On Monday 17 January 2005 09:16 pm, Jon Ringle wrote:
> On Monday 17 January 2005 01:32 pm, Martin Regner wrote:
> > There is a sample RTP/T.38-UDPTL capture on the following page:
> > http://www.brooktrout.com/support/productinfo.cfm?frmProduct=TR1034&frmCa
> >te gory=Knowledgebase&frmKnowBaseID=1983&Level=2
>
> Oh. I see now. Frame 13 sets up both RTP and T.38 using port 56000. Using
> frame number as I have suggested wont help in this case. Does an
> application using RTP and T.38 on the same port demultiplex based on
> rtp.version == 0 to decide to parse with T.38 parser?
I am figuring that an application that sees this stream of data has to be able
to decide whether to use an RTP parser or a T.38 parse either from the data
present in upd port 56000, *OR* from new information presented to it by
another stream of data. It seems that a transition from voice RTP to fax T.38
packets occur as a result of the new SDP negotiation at Frame 808.
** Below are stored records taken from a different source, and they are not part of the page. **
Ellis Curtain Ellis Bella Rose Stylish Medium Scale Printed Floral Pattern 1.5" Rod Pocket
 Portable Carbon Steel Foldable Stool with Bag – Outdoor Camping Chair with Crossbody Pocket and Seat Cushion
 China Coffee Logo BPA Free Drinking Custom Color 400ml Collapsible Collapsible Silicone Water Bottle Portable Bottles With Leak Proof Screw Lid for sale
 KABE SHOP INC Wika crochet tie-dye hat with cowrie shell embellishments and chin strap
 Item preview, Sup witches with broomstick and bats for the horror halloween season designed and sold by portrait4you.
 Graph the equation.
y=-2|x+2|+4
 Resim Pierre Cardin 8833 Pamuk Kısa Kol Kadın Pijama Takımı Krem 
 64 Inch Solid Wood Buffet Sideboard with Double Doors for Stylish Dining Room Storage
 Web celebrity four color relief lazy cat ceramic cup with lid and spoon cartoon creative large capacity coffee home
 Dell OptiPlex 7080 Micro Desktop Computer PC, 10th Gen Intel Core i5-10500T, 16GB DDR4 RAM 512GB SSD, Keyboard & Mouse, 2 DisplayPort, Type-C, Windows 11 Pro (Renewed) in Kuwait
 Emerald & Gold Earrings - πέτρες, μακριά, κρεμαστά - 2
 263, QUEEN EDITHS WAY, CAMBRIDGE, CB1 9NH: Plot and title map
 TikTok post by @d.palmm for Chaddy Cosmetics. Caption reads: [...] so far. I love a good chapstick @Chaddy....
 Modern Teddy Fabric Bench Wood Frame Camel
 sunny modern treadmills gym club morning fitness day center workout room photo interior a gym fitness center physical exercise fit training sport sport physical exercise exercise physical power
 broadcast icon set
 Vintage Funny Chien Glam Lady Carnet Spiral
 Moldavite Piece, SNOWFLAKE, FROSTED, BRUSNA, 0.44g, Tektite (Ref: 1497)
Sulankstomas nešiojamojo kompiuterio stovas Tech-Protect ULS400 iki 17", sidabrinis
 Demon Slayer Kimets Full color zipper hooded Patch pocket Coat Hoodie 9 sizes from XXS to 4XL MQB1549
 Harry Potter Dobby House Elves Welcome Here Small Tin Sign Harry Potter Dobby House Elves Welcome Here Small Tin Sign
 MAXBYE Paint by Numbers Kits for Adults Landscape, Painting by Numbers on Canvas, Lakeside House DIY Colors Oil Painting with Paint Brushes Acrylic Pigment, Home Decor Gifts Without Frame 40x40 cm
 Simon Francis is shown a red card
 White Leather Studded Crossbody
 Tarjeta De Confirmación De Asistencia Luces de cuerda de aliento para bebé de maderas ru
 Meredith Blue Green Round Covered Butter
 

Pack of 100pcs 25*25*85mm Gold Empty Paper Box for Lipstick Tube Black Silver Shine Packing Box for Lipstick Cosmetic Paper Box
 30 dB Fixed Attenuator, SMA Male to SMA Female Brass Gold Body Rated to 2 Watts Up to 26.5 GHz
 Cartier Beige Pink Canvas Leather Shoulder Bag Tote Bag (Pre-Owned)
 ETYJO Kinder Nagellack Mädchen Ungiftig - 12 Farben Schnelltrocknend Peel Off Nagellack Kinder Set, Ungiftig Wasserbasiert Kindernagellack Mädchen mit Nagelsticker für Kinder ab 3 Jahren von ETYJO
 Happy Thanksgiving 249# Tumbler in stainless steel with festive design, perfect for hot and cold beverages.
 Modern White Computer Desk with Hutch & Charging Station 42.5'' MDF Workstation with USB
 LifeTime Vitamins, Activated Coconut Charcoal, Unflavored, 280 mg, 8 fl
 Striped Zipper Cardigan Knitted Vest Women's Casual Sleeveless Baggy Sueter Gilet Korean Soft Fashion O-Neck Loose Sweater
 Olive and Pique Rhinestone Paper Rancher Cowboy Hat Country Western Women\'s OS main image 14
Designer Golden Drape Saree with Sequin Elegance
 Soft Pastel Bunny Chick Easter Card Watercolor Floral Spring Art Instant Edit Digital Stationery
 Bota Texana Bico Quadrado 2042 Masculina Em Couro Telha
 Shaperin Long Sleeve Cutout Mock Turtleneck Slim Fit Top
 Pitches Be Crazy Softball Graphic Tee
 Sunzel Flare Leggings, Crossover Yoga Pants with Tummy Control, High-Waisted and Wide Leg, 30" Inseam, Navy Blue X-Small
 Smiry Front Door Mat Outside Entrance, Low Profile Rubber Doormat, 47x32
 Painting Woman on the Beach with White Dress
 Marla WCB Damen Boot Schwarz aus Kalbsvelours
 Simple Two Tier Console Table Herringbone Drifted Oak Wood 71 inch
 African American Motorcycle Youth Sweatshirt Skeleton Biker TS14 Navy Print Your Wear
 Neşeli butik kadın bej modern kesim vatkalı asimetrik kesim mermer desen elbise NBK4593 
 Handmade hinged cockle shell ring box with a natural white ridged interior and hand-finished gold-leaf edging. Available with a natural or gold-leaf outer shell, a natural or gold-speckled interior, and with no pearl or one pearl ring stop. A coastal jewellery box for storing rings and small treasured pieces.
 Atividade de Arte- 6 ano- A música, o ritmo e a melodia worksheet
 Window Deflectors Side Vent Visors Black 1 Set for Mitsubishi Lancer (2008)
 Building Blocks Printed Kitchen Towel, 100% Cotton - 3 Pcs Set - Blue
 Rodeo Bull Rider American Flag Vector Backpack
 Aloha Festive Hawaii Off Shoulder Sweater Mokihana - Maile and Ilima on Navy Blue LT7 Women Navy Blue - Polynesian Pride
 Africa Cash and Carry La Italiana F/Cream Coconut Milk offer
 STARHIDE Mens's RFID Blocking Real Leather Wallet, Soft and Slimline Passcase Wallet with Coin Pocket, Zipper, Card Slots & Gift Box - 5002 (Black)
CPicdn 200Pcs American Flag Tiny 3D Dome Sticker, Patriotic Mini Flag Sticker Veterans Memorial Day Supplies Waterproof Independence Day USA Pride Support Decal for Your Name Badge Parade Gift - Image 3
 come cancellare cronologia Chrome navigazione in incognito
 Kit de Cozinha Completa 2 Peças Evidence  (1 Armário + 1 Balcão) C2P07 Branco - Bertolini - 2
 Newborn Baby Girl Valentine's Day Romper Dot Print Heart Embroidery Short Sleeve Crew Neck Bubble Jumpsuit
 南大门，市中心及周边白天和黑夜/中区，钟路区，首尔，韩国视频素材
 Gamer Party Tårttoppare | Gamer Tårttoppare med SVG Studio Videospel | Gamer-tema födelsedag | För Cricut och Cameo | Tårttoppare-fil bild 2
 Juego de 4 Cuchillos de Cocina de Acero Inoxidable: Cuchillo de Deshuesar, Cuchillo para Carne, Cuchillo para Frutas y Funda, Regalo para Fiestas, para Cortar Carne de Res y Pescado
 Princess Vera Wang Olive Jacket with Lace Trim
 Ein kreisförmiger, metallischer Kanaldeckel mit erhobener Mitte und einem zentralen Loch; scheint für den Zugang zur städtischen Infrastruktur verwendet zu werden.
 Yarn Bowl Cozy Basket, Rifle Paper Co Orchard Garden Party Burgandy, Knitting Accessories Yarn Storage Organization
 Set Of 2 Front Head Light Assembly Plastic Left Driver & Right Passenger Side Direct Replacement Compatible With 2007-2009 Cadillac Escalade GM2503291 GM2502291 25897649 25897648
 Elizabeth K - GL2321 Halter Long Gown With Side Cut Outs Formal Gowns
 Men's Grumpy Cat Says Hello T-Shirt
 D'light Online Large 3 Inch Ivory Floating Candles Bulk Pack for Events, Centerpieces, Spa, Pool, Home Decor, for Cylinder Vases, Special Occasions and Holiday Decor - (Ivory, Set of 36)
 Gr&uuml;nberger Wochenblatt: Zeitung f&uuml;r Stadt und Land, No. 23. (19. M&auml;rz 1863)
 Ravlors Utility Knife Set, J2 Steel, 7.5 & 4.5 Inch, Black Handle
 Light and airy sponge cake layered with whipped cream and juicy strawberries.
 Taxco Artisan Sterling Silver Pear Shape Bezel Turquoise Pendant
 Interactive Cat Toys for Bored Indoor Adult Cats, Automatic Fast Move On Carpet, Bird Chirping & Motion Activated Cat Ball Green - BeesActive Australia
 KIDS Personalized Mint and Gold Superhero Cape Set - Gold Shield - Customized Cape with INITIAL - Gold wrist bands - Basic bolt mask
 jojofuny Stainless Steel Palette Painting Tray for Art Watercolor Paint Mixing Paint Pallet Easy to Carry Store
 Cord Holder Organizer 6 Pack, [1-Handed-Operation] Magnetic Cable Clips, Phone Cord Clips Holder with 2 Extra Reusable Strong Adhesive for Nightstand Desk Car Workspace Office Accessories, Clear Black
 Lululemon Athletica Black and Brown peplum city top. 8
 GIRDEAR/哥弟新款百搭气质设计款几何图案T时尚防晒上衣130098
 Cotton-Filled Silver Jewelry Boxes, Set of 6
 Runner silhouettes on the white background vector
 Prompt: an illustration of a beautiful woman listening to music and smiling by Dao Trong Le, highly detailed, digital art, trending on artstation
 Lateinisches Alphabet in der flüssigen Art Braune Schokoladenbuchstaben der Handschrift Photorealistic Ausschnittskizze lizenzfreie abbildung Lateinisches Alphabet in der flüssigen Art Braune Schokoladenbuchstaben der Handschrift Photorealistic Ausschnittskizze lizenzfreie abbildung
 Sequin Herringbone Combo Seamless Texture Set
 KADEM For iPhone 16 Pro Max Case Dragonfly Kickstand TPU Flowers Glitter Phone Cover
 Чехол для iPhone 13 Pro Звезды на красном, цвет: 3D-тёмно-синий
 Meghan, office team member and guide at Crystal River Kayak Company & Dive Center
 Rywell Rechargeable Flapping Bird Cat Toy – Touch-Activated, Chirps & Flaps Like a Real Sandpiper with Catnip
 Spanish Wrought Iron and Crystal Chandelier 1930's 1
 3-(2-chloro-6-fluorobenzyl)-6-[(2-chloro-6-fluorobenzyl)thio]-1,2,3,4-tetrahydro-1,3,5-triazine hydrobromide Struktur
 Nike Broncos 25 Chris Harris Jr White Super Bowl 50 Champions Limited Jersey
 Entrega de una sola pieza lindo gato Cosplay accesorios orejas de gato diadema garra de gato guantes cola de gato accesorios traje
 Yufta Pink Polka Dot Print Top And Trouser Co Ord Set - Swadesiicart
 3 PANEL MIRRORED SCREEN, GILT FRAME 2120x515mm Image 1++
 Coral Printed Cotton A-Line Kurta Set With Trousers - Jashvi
So, I am thinking that the following may be true (please correct me if I am
wrong):
1) If an SDP contains both m=audio and m=image, an application will use an RTP
parser.
2) If an SDP contains only m=image, an application T.38 will use an T.38
parser.
I now have code that adds the first_frame number to conversation_t and changes
find_conversation() and conversation_new() to pass the first_frame number.
With the sample RTP/T.38-UDPTL capture, my code correctly chooses the RTP or
T.38 (except for frame 809 which is an RTP packet, but gets dissected as T.38
because of the SDP m=image only change in frame 808).